Marginal Emissions over Time.
In contrast to average emissions, we find that marginal CO2 emissions are increasing or remaining constant in all three interconnections (Fig. 1 and ). In addition to providing an estimate for each year in each region, we estimate linear trends in marginal emissions over time and find positive and statistically significant effects in the East and West, but not in Texas (Fig. 1 and ). Applying the estimated year-to-year changes, we find that, since 2010, marginal CO2 emissions increased 6% in the East and 15% in the West. The increase in marginal emissions for the United States as a whole was 7% over the last decade, and this occurs despite the fact that average emissions declined 28% over the same period.

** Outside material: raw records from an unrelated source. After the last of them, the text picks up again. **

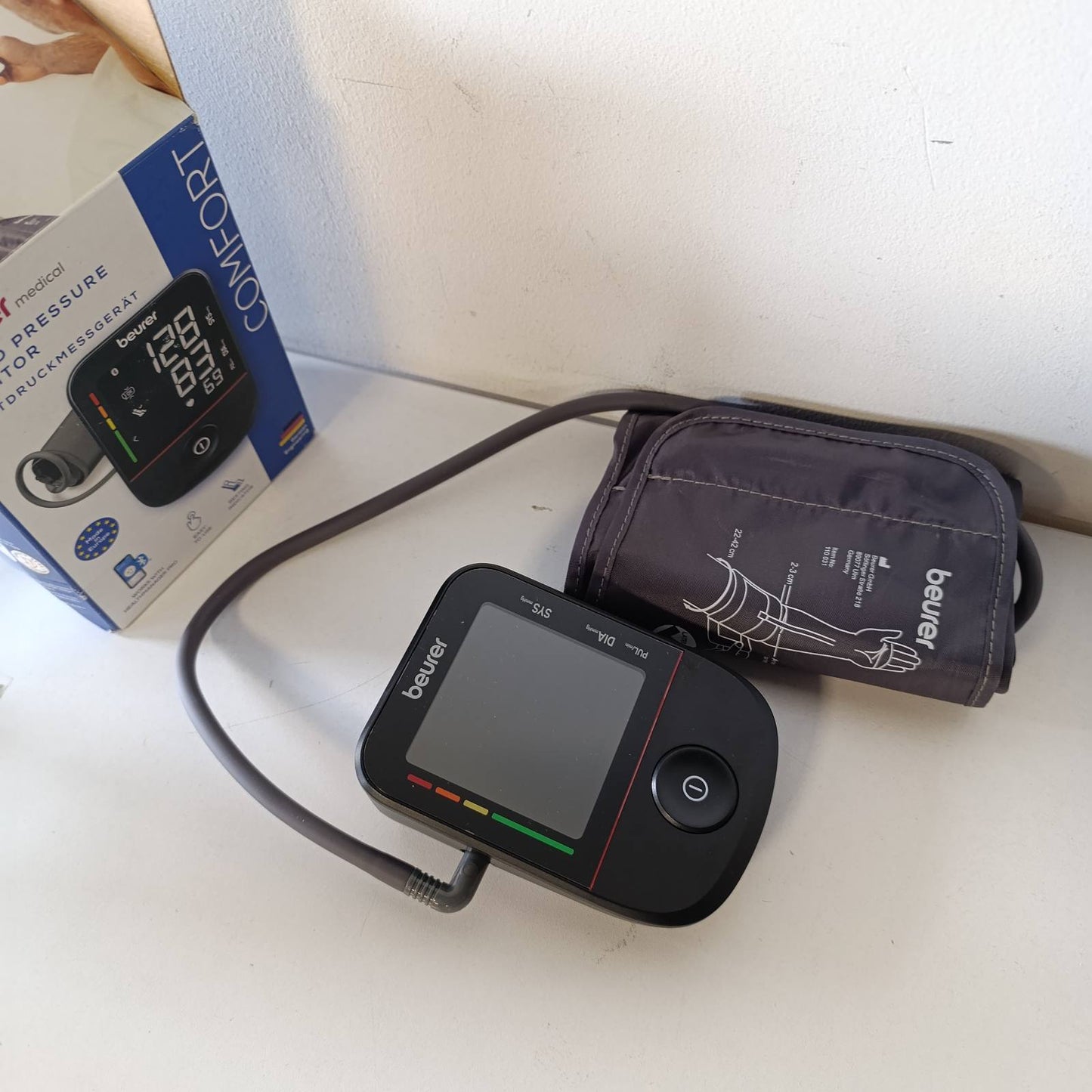 275096 - BEURER BM 48 - Monitor tensioni i gjakut për krahun e sipërm, funksionim me një buton, zbulim i aritmisë, i zi
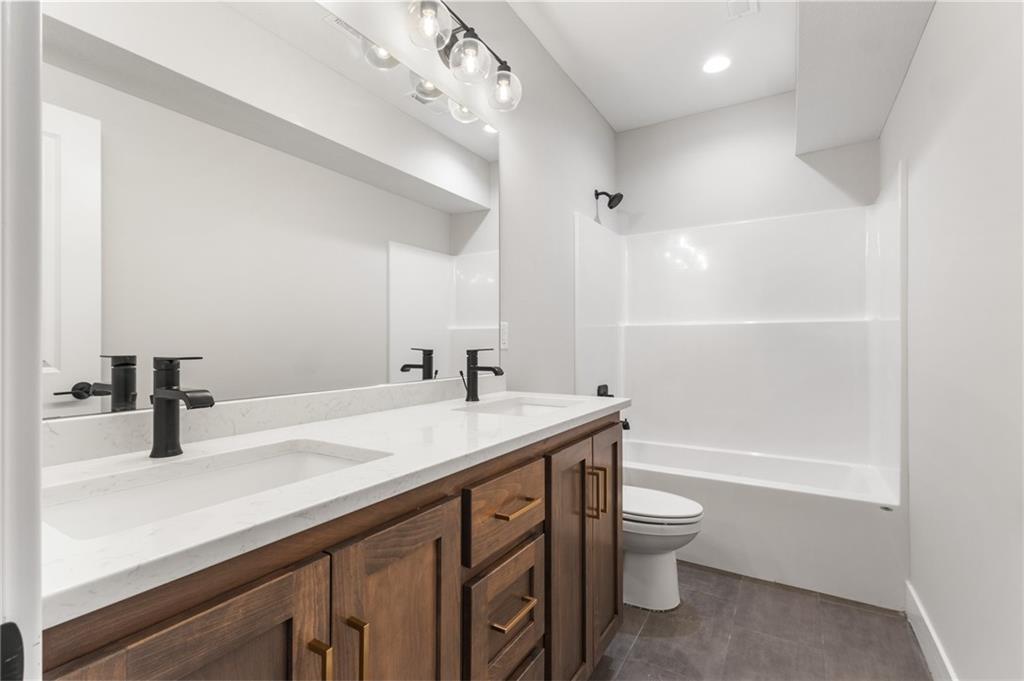 1128 Southwest Whitby Drive Lee's Summit, MO 64083 - Photo 25 of 32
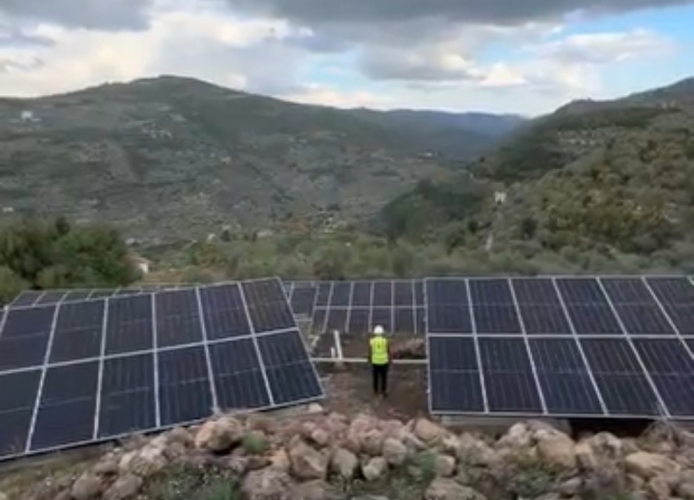 مبادرة للطاقة الشمسية من الآغا خان تعزز حياة سكان ريف طرطوس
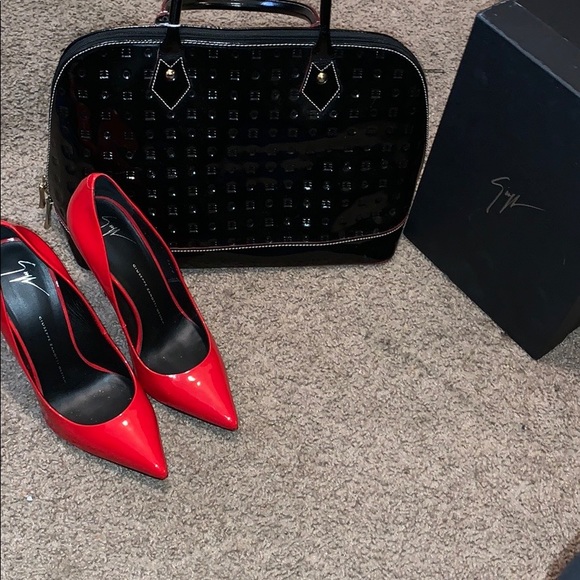 Giuseppe Zanotti Pumps + Arcadia black purse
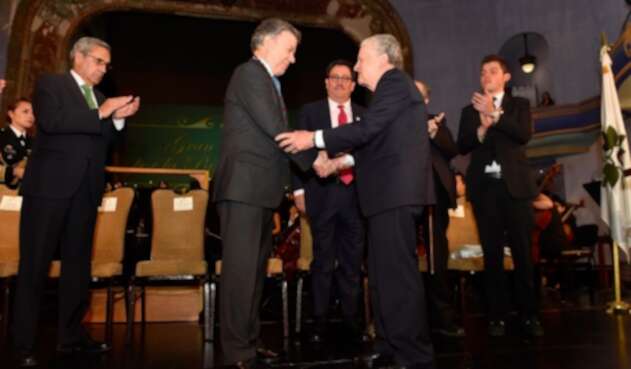 Santos-LAFm-presidencia3.jpg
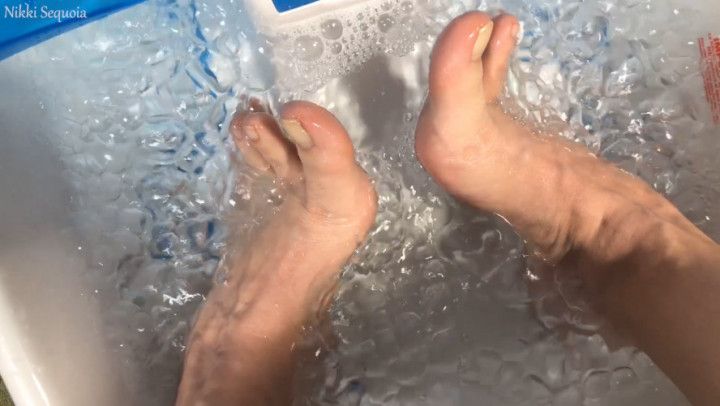 Foot Soak Toe Wiggle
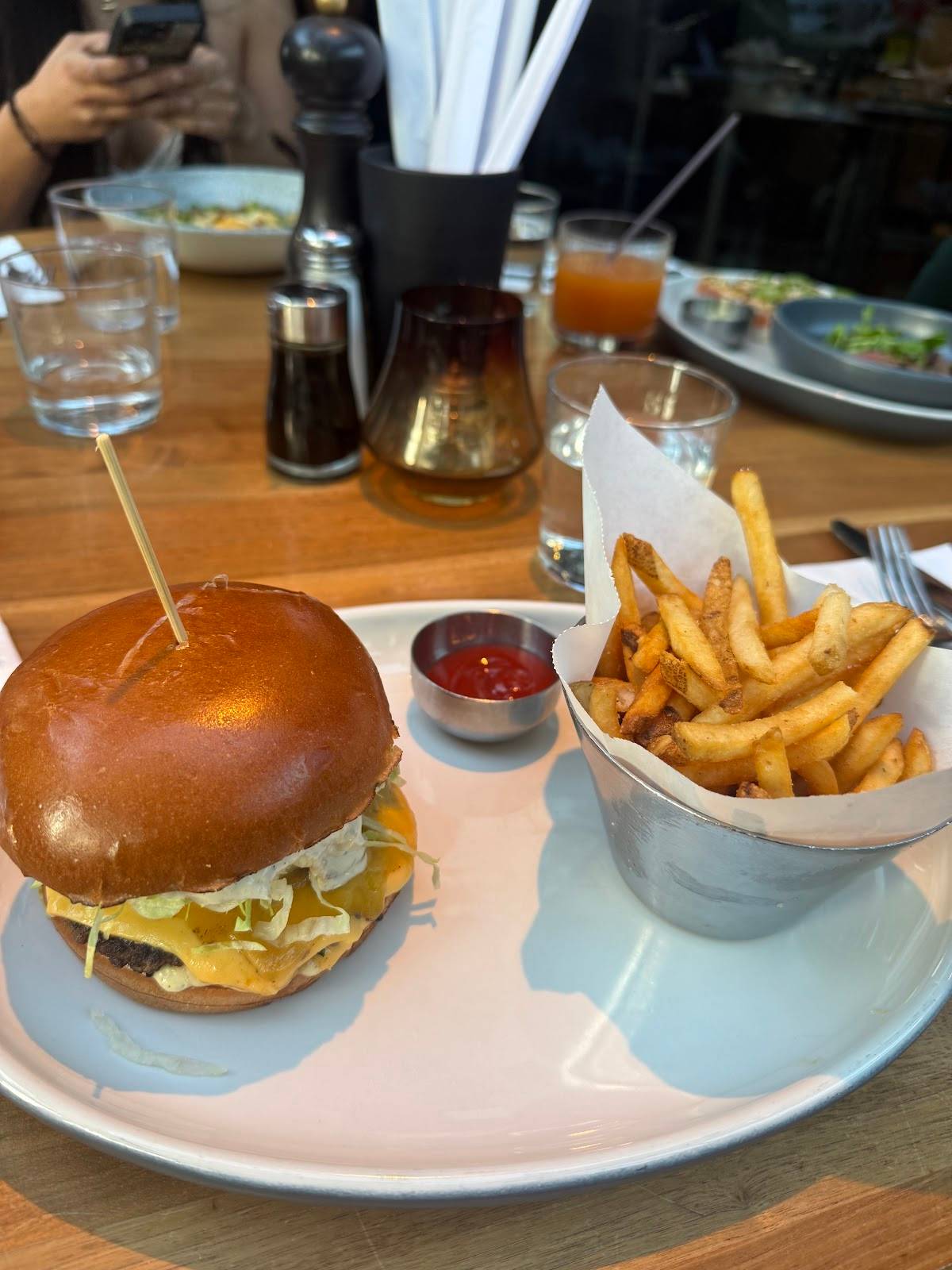 JOEY U-Village restaurant in Seattle - photo 6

Marginal Economic Damages.
We also estimate monetized damages of the marginal emissions (Fig. 1). These estimates are based on the product of marginal CO2 emissions and the social cost of carbon (SCC) in each year. The SCC represents the economic value of damage caused by an additional ton of CO2 emitted into the atmosphere in a given year. We value the SCC according to the standard approach adopted by the US government through 2016 (43) and reinstated in 2021 (44), using the central 3% discount rate scenario and converted to 2019 dollars (). The SCC is increasing over time, in part, because the incremental damages worsen with a greater stock of CO2 in the atmosphere and therefore greater climate change. The marginal damage curves illustrate that, when viewed from an economics perspective, the increase in marginal emissions over time is even more damaging—having increased 41% since 2010. Indeed, marginal emissions would need to be declining substantially over time for marginal damages to remain constant.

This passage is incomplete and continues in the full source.